The video features the band performing in a giant room. It then switches to each band member in different scenarios, Hahn in a coma, Colin Brittain locked inside a prison that is being surrounded by guards, Mike Shinoda trying to escape a concrete building through the ceiling, Brad Delson walking around a room, Emily Armstrong putting on a bandana, and Dave Farrell being locked in a box while wearing a straitjacket. During Mike Shinoda's rapping part, he gives away his guitar to Emily before he takes it back for the last chorus.

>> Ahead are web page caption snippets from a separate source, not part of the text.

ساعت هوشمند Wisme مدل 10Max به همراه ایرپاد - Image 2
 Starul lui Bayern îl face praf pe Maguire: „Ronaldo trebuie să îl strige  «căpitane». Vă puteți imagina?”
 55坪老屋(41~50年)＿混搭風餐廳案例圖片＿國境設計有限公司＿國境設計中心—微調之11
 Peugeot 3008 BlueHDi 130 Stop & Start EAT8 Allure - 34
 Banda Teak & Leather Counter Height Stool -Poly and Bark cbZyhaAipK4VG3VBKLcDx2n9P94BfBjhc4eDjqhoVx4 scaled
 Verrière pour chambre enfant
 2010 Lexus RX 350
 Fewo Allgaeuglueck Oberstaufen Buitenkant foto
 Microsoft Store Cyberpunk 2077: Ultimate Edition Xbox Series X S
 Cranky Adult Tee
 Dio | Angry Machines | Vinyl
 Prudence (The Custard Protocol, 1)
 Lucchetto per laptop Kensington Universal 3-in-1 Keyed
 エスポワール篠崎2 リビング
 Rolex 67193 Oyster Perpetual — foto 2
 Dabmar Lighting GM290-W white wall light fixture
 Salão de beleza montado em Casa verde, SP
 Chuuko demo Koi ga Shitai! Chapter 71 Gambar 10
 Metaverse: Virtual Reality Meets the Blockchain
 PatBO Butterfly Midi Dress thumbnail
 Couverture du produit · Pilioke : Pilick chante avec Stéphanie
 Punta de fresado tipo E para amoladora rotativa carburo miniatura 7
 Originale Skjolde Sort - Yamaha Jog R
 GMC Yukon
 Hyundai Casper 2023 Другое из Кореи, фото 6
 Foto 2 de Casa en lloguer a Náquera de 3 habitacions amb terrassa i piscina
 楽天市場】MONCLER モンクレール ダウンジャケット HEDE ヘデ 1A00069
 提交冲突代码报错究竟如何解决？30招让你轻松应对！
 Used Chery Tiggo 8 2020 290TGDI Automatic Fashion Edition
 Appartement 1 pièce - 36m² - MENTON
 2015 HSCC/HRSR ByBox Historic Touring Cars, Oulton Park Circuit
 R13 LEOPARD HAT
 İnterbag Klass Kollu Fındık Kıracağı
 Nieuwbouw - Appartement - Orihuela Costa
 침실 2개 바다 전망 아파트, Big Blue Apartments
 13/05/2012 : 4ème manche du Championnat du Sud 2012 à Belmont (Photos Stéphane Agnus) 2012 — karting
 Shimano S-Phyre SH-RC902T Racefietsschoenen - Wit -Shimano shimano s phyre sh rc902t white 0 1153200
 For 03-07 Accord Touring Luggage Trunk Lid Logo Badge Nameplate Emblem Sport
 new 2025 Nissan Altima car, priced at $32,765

According to Hahn, the scenarios represent the feeling for them, when they heard the song.

==Personnel==
Linkin Park
- Emily Armstrong – lead vocals
- Colin Brittain – drums
- Brad Delson – lead guitar, piano
- Phoenix – bass guitar
- Joe Hahn – turntables, samples, programming
- Mike Shinoda – rapping, backing vocals, rhythm guitar, keyboards, sampler

Additional personnel
- Colin Brittain – co-production
- Brad Delson – co-production
- Mike Shinoda – production, record engineering
- Linkin Park – composition
- Rich Costey – mixing
- Ethan Mates – record engineering
- Emerson Mancini – mastering
- Jeff Citron – mixing assistance

==Charts==

===Weekly charts===

Weekly chart performance for "Up From the Bottom"
| Chart (2025) | Peak position |
|---|---|
| Australia Digital Tracks (ARIA) | 21 |
| Austria (Ö3 Austria Top 40) | 7 |
| Belgium (Ultratop 50 Flanders) | 35 |
| Canada Hot 100 (Billboard) | 65 |
| Canada Mainstream Rock (Billboard Canada) | 1 |
| Canada Modern Rock (Billboard Canada) | 17 |
| Czech Republic Airplay (ČNS IFPI) | 2 |
| Czech Republic Singles Digital (ČNS IFPI) | 3 |
| France (SNEP) | 80 |
| Germany (GfK) | 6 |
| Global 200 (Billboard) | 58 |
| Greece International (IFPI) | 100 |
| Hungary (Single Top 40) | 27 |
| Italy Airplay (FIMI) | 68 |
| Italy Rock Airplay (FIMI) | 4 |
| Japan Hot Overseas (Billboard) | 13 |
| Lithuania Airplay (TopHit) | 40 |
| Luxembourg (Billboard) | 16 |
| Netherlands (Single Top 100) | 82 |
| New Zealand Hot Singles (RMNZ) | 7 |
| Nicaragua Anglo Airplay (Monitor Latino) | 5 |
| Norway (VG-lista) | 78 |
| Poland (Polish Streaming Top 100) | 90 |
| Portugal (AFP) | 53 |
| Slovakia (Singles Digitál Top 100) | 30 |
| South Korea BGM (Circle) | 162 |
| Sweden Heatseeker (Sverigetopplistan) | 2 |
| Switzerland (Schweizer Hitparade) | 13 |
| UK Singles (OCC) | 42 |
| UK Rock & Metal (OCC) | 2 |
| US Bubbling Under Hot 100 (Billboard) | 5 |
| US Hot Rock & Alternative Songs (Billboard) | 15 |
| US Rock & Alternative Airplay (Billboard) | 1 |

===Monthly charts===

Monthly chart performance for "Up From the Bottom"
| Chart (2025) | Peak position |
|---|---|
| Lithuania Airplay (TopHit) | 65 |

===Year-end charts===

Year-end chart performance for "Up From the Bottom"
| Chart (2025) | Position |
|---|---|
| Canada Mainstream Rock (Billboard) | 13 |
| Canada Modern Rock (Billboard) | 35 |
| US Hot Rock & Alternative Songs (Billboard) | 79 |
| US Rock & Alternative Airplay (Billboard) | 7 |

==Certifications==

Certifications for "Up From the Bottom"
| Region | Certification | Certified units/sales |
| France (SNEP) | Gold | 100,000^{‡} |
^{‡} Sales+streaming figures based on certification alone.